It’s time to take a hard look at the value MSW systems are delivering

Sunshine Canyon Landfill Gas-to-Energy

In a recent Waste Dive article “It’s time to look harder at landfills if we’re serious about addressing climate change,” Philipp Schmidt-Pathmann and Stephen Gerritson don’t want to be dramatic, but they do want you to know that we’re at the “tipping point”…again. That’s right, get ready for temperatures to be unacceptable levels of warm (can’t be too warm, can’t be too cold), the rates of severe weather events and our seas will rise (kiss that beachfront property good-bye), and droughts too (don’t want to forget those). No worries though, this can be avoided if we separate organic waste, eliminate Solid Waste systems and RECYCLE EVERYTHING ELSE.

Good grief, seriously? If that’s the “moment of truth” that will affect the “survival of mankind” – we’re screwed.

Philipp and Stephen conveniently cherry-picked the current recycling rate as being “stuck” in the 30% to 35%. The actual overall recovery rate for plastics is more like >10%. But don’t let 50 years of data that proves the inefficiency of recycling plastics get in the way, no! Instead, let’s throw-out Solid Waste systems and force everything into the recycling stream. Not too smart.

They point to solutions using anaerobic digestion, which is what modern landfills are today. But somehow negate these systems in the same breath. So, are they throwing the proverbial “baby out with the bathwater?” According to the U.S. EPA, LFG energy projects across America will capture roughly 60 to 90 percent of the methane. These same projects are providing renewable energy to the grid, heating millions of homes, fueling thousands of fleet vehicles and providing power to industries across North America. With new regulations looming, these capture rates will only continue to improve, as they have over the last few decades, unlike recycling rates.

Today, 85% of U.S. MSW is being sent to these baseload energy sources (because there’s no such thing as a “somewhat” baseload energy source). In fact, it’s RNG from Solid Waste systems that’s helping California to reach carbon negative milestones. And why four bills in Congress name landfill gas as a renewable energy source including America’s (LIFT America) Act, GREEN Act, Clean Energy for America Act and the CLEAN Future Act. But somehow these gentlemen from the Institute for Energy and Resource Management think this existing infrastructure is inefficient and diverting MSW to non-existent recycling streams would be far better. And if you’re buying that, I’ve got that beachfront property for you in Arizona.

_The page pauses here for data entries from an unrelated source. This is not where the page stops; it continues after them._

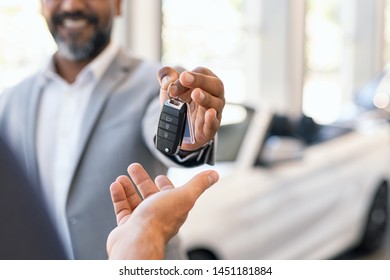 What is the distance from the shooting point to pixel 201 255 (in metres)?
1.25

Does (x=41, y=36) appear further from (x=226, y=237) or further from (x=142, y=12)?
(x=226, y=237)

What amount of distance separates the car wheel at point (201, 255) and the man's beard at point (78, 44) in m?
0.48

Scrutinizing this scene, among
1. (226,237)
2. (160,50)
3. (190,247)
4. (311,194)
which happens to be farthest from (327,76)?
(160,50)

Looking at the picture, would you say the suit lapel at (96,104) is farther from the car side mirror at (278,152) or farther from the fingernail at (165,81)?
the car side mirror at (278,152)

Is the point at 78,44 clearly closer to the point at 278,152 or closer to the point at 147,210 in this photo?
the point at 147,210

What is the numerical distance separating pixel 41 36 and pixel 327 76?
2.68 ft

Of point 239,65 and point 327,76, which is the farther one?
point 327,76

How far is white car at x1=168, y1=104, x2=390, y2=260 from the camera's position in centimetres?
134

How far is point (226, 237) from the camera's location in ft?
4.78

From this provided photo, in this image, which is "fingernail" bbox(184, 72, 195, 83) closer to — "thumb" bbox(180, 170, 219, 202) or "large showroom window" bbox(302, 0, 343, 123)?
"thumb" bbox(180, 170, 219, 202)

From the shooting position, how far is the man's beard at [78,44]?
83 centimetres

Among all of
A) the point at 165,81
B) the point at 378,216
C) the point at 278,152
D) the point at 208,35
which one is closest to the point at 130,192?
the point at 165,81

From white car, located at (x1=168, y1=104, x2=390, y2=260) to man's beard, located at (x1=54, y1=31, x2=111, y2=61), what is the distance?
29 centimetres

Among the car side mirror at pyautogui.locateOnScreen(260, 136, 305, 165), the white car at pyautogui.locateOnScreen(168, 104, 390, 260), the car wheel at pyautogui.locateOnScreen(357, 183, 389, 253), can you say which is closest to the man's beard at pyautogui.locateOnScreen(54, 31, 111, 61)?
the white car at pyautogui.locateOnScreen(168, 104, 390, 260) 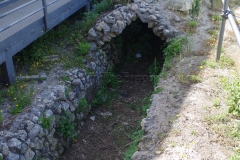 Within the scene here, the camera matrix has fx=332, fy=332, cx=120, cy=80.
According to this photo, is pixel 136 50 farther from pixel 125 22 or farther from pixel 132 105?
pixel 132 105

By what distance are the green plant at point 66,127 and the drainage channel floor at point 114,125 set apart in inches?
16.2

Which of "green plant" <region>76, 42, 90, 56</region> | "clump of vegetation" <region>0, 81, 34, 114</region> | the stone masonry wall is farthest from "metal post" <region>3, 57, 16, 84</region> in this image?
"green plant" <region>76, 42, 90, 56</region>

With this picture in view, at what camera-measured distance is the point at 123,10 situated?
8781 millimetres

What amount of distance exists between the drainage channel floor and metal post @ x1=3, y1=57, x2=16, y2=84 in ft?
6.10

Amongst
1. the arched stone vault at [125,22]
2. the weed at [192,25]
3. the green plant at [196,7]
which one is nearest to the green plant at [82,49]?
the arched stone vault at [125,22]

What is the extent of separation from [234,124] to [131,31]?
20.3ft

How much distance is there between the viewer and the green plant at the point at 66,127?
6.48 metres

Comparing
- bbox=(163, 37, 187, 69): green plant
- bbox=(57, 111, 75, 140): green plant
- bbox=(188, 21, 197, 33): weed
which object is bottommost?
bbox=(57, 111, 75, 140): green plant

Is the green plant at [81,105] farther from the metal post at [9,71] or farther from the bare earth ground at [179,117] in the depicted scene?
the metal post at [9,71]

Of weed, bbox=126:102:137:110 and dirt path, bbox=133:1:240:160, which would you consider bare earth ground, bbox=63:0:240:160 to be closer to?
dirt path, bbox=133:1:240:160

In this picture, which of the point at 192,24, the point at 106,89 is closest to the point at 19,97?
the point at 106,89

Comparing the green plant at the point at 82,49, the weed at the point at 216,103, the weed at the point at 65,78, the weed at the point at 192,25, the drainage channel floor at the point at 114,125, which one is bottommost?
the drainage channel floor at the point at 114,125

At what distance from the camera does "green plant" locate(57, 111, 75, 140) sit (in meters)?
6.48

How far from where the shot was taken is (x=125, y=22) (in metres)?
8.71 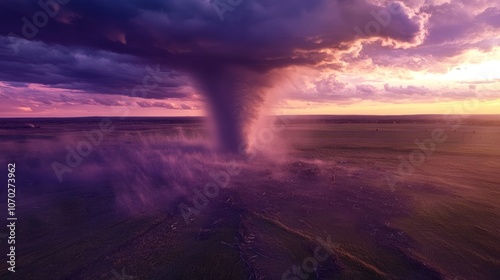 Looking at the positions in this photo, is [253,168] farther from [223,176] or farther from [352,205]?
[352,205]

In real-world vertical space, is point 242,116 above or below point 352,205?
above

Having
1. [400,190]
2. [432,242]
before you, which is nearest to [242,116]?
[400,190]

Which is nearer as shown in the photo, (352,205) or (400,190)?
(352,205)

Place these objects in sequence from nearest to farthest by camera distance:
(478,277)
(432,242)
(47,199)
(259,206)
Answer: (478,277) → (432,242) → (259,206) → (47,199)

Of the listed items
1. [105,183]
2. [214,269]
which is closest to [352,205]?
[214,269]

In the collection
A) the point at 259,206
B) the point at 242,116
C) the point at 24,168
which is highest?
the point at 242,116

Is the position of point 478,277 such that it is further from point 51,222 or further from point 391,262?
point 51,222

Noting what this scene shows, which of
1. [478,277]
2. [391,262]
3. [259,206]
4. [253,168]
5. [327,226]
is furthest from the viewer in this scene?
[253,168] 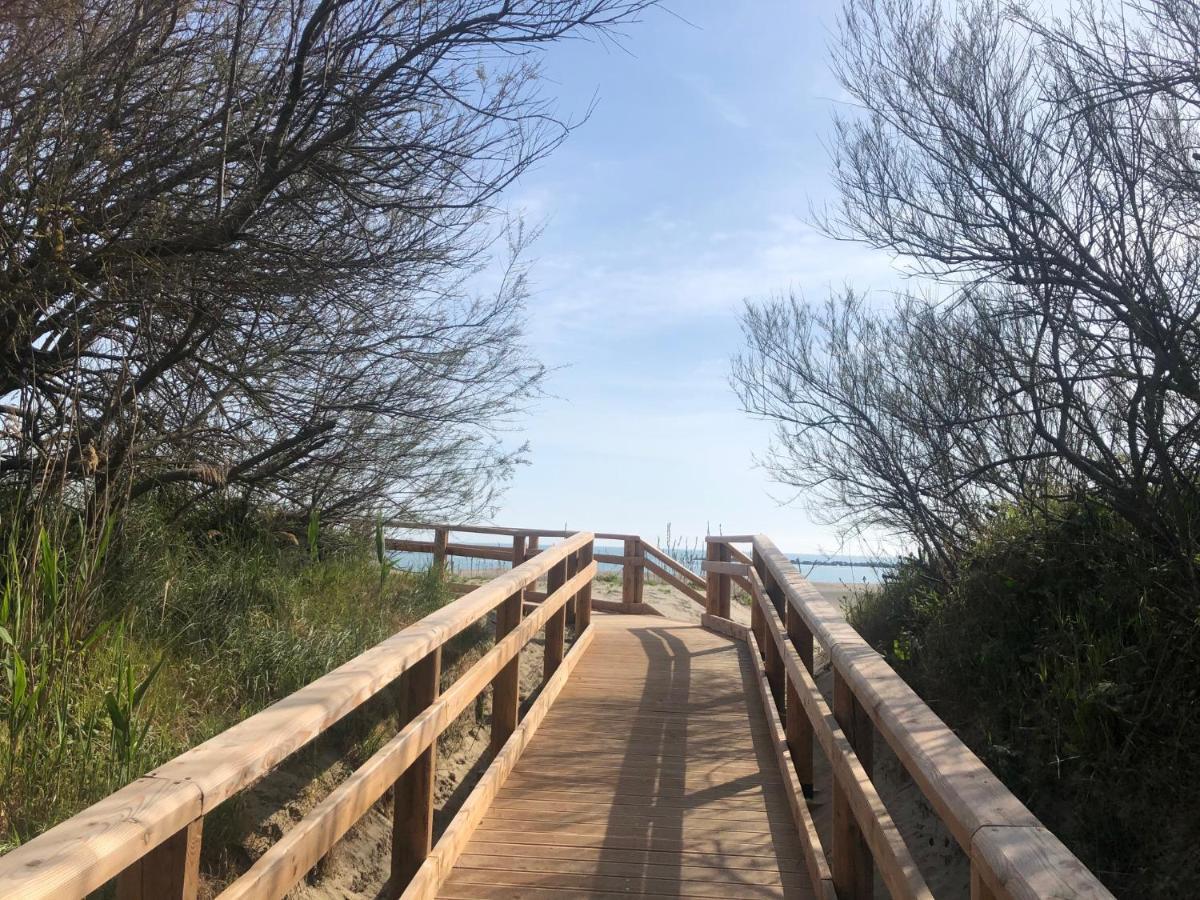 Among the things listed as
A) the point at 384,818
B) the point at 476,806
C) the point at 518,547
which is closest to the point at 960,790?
the point at 476,806

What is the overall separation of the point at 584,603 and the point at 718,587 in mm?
2380

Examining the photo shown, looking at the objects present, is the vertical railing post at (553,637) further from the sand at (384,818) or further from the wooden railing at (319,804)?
the wooden railing at (319,804)

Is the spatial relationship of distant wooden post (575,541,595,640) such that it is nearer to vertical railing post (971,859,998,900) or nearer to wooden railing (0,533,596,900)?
wooden railing (0,533,596,900)

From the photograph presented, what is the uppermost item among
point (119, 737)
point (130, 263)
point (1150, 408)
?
point (130, 263)

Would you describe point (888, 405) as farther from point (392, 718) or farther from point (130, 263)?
point (130, 263)

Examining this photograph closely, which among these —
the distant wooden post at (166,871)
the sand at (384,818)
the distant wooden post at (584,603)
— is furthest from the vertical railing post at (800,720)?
the distant wooden post at (584,603)

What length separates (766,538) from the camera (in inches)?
275

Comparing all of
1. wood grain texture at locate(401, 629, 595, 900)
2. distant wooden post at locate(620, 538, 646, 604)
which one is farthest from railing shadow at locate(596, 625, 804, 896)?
distant wooden post at locate(620, 538, 646, 604)

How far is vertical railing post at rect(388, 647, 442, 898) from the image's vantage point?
333cm

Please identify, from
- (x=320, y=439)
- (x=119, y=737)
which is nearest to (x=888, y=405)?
(x=320, y=439)

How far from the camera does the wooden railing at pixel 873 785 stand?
1639mm

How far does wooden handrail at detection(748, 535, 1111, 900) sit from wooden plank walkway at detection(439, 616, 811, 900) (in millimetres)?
685

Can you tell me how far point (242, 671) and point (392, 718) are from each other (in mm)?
927

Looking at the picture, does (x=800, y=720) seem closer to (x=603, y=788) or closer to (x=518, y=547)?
(x=603, y=788) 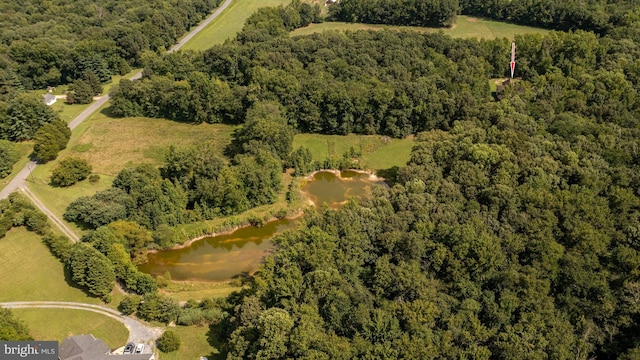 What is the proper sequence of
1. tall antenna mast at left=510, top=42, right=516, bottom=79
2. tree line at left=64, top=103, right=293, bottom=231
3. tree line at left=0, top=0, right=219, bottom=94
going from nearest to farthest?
tree line at left=64, top=103, right=293, bottom=231
tall antenna mast at left=510, top=42, right=516, bottom=79
tree line at left=0, top=0, right=219, bottom=94

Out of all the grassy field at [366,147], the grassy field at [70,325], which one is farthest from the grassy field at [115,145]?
the grassy field at [70,325]

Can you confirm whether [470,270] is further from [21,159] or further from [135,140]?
[21,159]

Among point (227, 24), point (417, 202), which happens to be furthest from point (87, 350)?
point (227, 24)

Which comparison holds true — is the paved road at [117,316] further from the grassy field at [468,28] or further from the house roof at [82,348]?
the grassy field at [468,28]

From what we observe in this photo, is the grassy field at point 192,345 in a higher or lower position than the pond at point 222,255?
lower

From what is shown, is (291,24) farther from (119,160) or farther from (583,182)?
(583,182)

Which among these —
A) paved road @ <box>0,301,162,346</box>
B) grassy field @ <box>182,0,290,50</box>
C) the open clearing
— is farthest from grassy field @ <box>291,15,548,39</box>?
paved road @ <box>0,301,162,346</box>

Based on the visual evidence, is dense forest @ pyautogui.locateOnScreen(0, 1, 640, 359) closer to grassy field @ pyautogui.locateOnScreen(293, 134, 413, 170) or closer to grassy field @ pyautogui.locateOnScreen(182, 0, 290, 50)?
grassy field @ pyautogui.locateOnScreen(293, 134, 413, 170) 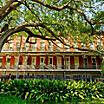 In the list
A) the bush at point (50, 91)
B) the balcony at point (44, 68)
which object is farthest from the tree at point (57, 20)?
the balcony at point (44, 68)

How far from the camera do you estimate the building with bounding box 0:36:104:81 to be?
37031 mm

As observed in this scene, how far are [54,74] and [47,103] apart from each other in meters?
23.3

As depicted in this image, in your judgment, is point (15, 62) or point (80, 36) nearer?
point (80, 36)

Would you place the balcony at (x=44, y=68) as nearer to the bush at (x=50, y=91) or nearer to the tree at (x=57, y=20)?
the bush at (x=50, y=91)

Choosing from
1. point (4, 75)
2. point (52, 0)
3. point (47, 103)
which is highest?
point (52, 0)

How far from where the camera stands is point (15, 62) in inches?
1559

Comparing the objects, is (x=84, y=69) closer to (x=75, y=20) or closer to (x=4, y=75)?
(x=4, y=75)

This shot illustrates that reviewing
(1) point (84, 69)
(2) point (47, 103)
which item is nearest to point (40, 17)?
(2) point (47, 103)

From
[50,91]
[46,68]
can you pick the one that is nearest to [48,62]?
[46,68]

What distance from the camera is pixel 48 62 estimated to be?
39281mm

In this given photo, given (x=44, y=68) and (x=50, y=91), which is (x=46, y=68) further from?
(x=50, y=91)

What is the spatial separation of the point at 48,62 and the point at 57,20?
23.4 meters

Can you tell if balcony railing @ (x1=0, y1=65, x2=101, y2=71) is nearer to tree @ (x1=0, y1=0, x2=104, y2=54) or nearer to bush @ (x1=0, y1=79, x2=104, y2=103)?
bush @ (x1=0, y1=79, x2=104, y2=103)

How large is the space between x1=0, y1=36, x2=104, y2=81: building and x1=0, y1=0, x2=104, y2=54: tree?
19801 millimetres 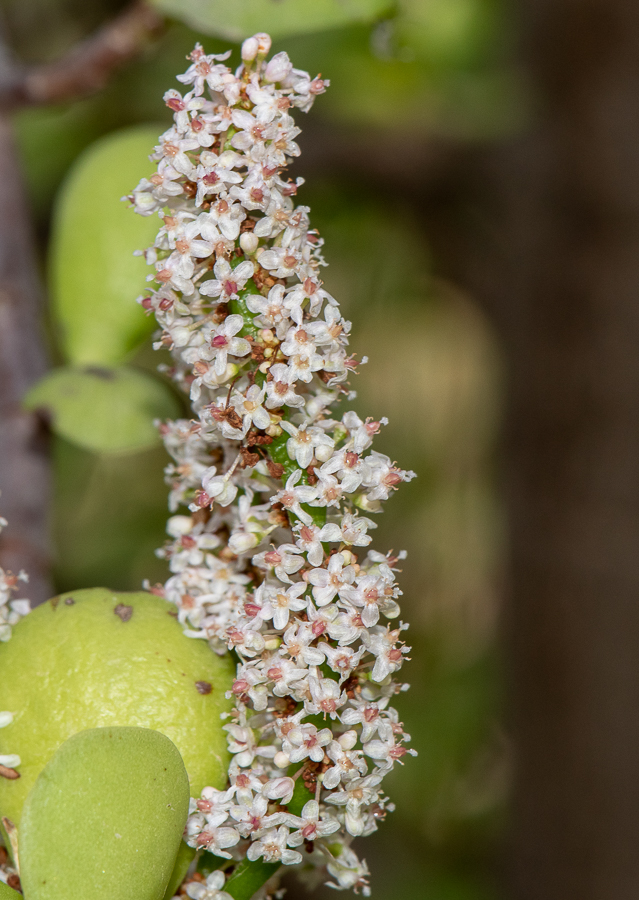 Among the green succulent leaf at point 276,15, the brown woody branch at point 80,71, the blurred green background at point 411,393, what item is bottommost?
the blurred green background at point 411,393

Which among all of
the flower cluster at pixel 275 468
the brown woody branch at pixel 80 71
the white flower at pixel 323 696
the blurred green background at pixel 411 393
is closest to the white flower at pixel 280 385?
the flower cluster at pixel 275 468

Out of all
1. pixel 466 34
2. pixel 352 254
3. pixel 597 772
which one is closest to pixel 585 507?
pixel 597 772

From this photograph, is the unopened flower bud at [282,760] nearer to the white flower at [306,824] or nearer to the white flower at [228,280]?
the white flower at [306,824]

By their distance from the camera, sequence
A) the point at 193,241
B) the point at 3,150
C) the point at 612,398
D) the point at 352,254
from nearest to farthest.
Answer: the point at 193,241, the point at 3,150, the point at 612,398, the point at 352,254

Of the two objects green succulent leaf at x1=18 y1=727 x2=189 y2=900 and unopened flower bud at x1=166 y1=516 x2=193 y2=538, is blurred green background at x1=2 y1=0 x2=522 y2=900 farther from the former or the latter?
green succulent leaf at x1=18 y1=727 x2=189 y2=900

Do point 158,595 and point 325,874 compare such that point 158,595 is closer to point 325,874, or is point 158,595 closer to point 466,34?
point 325,874

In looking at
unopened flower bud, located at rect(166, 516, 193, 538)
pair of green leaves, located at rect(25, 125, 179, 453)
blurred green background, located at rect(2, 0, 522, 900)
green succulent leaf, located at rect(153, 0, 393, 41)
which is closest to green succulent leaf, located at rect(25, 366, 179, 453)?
pair of green leaves, located at rect(25, 125, 179, 453) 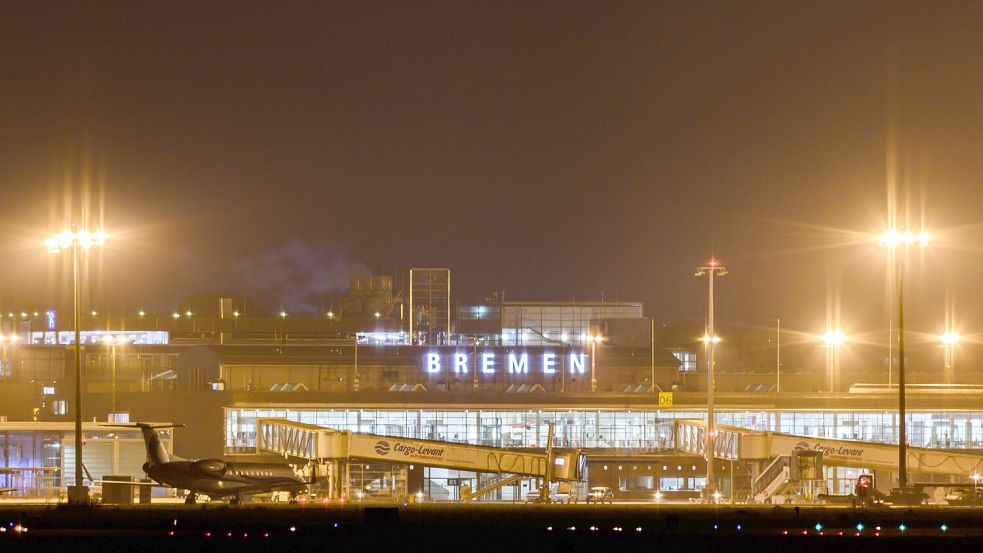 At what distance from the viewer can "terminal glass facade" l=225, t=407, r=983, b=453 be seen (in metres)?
98.4

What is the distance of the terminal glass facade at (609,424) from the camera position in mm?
98375

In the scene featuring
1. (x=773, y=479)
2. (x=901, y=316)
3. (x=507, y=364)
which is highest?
(x=901, y=316)

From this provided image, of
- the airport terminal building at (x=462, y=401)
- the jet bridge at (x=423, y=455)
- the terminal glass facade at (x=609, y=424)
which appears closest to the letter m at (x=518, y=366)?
the airport terminal building at (x=462, y=401)

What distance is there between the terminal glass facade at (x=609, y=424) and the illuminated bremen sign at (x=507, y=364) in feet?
118

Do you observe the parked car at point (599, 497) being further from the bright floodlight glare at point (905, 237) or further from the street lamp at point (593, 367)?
the street lamp at point (593, 367)

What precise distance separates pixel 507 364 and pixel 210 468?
7664 cm

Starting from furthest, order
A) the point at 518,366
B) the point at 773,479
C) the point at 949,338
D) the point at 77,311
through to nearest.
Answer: the point at 518,366
the point at 949,338
the point at 773,479
the point at 77,311

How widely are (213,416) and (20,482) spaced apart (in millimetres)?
19258

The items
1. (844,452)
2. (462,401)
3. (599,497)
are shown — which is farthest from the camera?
(462,401)

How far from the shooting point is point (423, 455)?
7325 cm

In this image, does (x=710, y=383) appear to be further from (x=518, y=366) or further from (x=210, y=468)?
(x=518, y=366)

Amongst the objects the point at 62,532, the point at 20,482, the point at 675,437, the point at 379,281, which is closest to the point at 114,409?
the point at 20,482

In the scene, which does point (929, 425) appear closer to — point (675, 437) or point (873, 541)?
point (675, 437)

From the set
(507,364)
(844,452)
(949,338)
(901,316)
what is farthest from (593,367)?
(901,316) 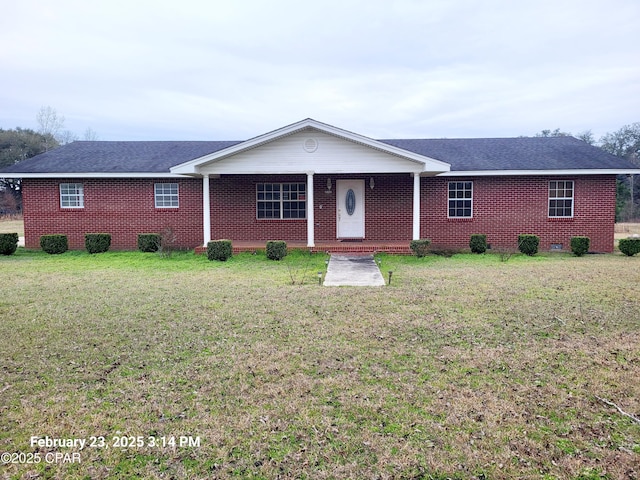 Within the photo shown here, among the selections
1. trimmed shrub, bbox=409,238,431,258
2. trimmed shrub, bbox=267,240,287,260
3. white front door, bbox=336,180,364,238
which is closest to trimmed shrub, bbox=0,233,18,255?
trimmed shrub, bbox=267,240,287,260

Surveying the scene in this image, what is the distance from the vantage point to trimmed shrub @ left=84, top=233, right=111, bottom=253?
607 inches

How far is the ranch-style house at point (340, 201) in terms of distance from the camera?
1592 centimetres

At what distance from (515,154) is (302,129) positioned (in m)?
8.63

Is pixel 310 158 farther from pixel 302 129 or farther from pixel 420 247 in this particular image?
pixel 420 247

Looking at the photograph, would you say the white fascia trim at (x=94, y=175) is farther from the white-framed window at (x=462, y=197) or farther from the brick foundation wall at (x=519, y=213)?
the white-framed window at (x=462, y=197)

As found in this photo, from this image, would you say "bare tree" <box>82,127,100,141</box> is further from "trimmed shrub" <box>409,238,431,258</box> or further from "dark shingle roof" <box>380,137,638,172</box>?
"trimmed shrub" <box>409,238,431,258</box>

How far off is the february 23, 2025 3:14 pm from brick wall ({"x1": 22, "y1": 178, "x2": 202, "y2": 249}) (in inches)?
537

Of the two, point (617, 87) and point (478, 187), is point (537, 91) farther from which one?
point (478, 187)

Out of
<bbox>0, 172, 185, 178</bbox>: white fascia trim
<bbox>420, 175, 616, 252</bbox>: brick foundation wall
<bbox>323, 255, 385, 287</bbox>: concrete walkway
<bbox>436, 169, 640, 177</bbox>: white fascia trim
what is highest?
<bbox>0, 172, 185, 178</bbox>: white fascia trim

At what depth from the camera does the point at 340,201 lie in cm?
1677

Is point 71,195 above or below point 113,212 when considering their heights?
above

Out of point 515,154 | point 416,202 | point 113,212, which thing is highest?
point 515,154

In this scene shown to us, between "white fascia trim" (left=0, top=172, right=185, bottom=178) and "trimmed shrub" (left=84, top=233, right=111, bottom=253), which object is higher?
"white fascia trim" (left=0, top=172, right=185, bottom=178)

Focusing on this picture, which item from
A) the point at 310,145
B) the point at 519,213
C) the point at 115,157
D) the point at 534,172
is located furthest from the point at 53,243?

We are not going to recycle our way out of pollution or climate change. Plastics can/should be designed to work in the primary managed waste systems (ASTM D5526/D5511) where consumers properly discard plastic waste. Plastics come from energy and plastics are inherently discarded in Solid Waste systems. Solid Waste systems are providing more return value in energy recovery than any other option available today. Ensuring the highest return value throughout the proper lifecycle of an application, using the infrastructures we have available today. That’s taking accountability and achieving circularity.

As for the European model, good on you if you want to incinerate waste for road projects. The U.S. prefers to sequester Solid Waste in highly designed, strictly regulated, anaerobically managed systems to extract the biogas from carbon-based [solid] waste to protect the environment, reduce GHG and recover clean renewable energy. We do this in the ground because we can. After which, that land is repurposed as a nature reserve, park, sanctuary, or golf-course. So, you do you, EU.